# Problème safari 4 et ouverture de PDF



## benoit244 (10 Juin 2009)

Bonjour,

Aujourd'hui, je viens de télécharger avec grand plaisir la version 4.0 de safari.
Mon problème réside dans le fait que je ne peux pas lire des documents PDF puisque safari affiche le message de la teneur suivante : *AdobePDFviewer ne trouve pas de version d'adobe acrobat ou adobe reader compatible avec l'affichage*

*Avez-vous des pistes ?*
Merci d'avance,

B.

Oui poster dans Internet et réseau&#8230; Et zou&#8230;


----------



## alaincha (10 Juin 2009)

Une suggestion: télécharge et installe la dernière version de Adobe reader.


----------



## benoit244 (10 Juin 2009)

merci alaincha, j'ai déjà tenté... sans succès


----------



## FrançoisMacG (10 Juin 2009)

Et AdobeReader se trouve bien en évidence dans le dossier Applications (et pas rangé dans un sous-dossier) ?


----------



## nesta (23 Juillet 2009)

Salut à tous,

J'ai eu le même problème, et j'ai trouvé la solution sur un forum en anglais : http://forums.macrumors.com/showthread.php?t=659159

En gros, il faut aller dans les options de Acrobat 9 :
preferences -> internet -> et activer l'option "Afficher dans le navigateur web".

On relance Safari, et le problème est réglé. (pour moi en tout cas cela a marché).

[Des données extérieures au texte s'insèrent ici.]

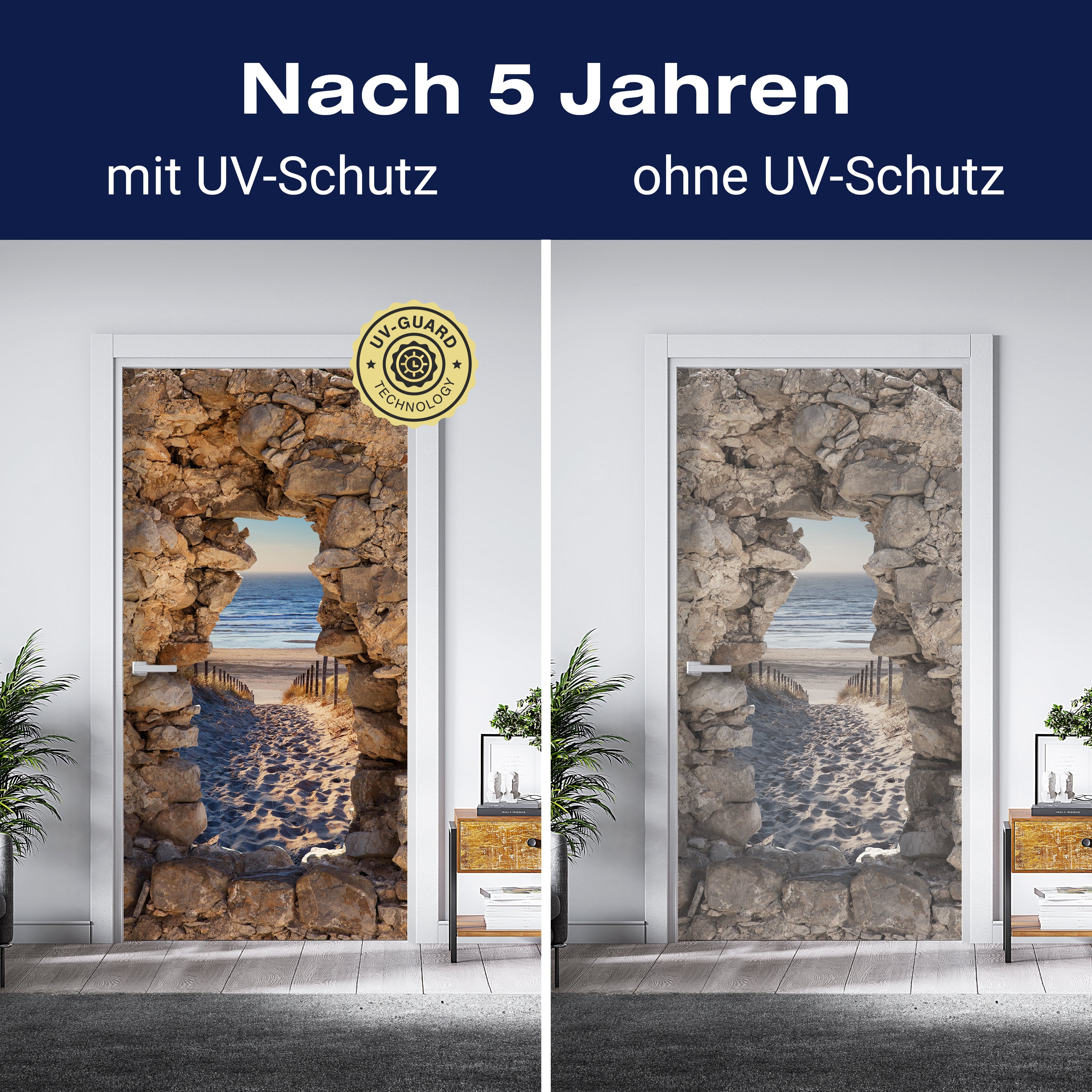 Türtapete 3D Steine, Weg zum Strand, Meer, Sand M1268 - Bild 4 Türtapete 3D Steine, Weg zum Strand, Meer, Sand M1268 - Bild 4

Il y a une autre alternative, Macintosh HD -> Library -> Internet Plug-Ins, et supprimer AdobePDFviewer.plugin, la encore relancer Safari.

Mais avec cette seconde option, vous n'afficher plus les pdf avec Acrobat mais avec Safari en lui-même, donc pas les même options....


Bonne journée à tous.


----------



## TiteLine (3 Août 2009)

Désolée si il fallait ouvrir un autre fil ,d'ailleurs ma question relève davantage "d'applications" que d'internet mais c'est bien d'Acrobat Reader dont il est question.

Depuis que j'ai l'iMac (janvier 2009), les PDF ont toujours été ouverts par aperçu.  Si je fais un clic droit sur un fichier PDF et "ouvrir avec" je n'ai jamais vu l'ombre d'Acrobat Reader(ni dans le dossier Applications, ni dans la bibliothèque. j'en ai donc conclu (peut être stupidement)  que contrairement au plugin Flash, il n'était pas installé par défaut et qu'il fallait le télécharger sur le site d'Adobe. Ne voulant pas me prendre la tête avec avec les MAJ régulières d'Acrobat Reader j'ai estimé plus sur de continuer à utiliser aperçu. 

Donc je réitère ma question stupide, les macs sont-ils équipés d'Acrobat Reader lorsqu'ils sortent de l'usine?


----------



## pickwick (3 Août 2009)

Non parce que justement chez Apple une application gère très bien les PDF, c'est APERCU. 
Adobe Reader n'est pas utile sur mac et n'est donc pas proposé en sortie d'usine.
Rien ne t'empêche de télécharger le logiciel d'Adobe si cela te fait plaisir.

A noter l'excellent cataloguer de PDF sur mac qu'est YEP : http://yepthat.com/yep/index.html


----------



## TiteLine (3 Août 2009)

Merci 

En ce qui concerne les PDF, ils s'ouvrent directement dans Safari et je n'ai pas l'intention d'installer Adobe Reader.


----------



## Moonwalker (5 Août 2009)

Un petit bémol quand même sur la capacité d'Aperçu à parfaitement gérer tous les PDF. Pour un usage quotidien, il est vrai qu'il rempli sa tâche avec satisfaction, surtout depuis sa version 4, mais certaines particularités des PDF (formulaires, contenu multi-media, polices particulières) font qu'on peut avoir à utiliser Adobe Reader.

De plus, le moteur de lecture d'Aperçu et celui d'Adobe Reader sont différents. Ils n'est pas inutile d'avoir ainsi deux outils distincts sur un même document qui poserait problème (à savoir que les différents logiciels de PDF proposés pour Mac OS X utilisent tous le PDFkit d''Apple à l'instar d'Aperçu).

Personnellement, j'ai du installer Adobe Reader en 10.5.5 suit à un méchant bug introduit dans Aperçu. Depuis, je le conserve et le maintient à jour. Il n'est pas mon lecteur PDF par défaut et je conserve le module Apple pour les PDF en ligne.


----------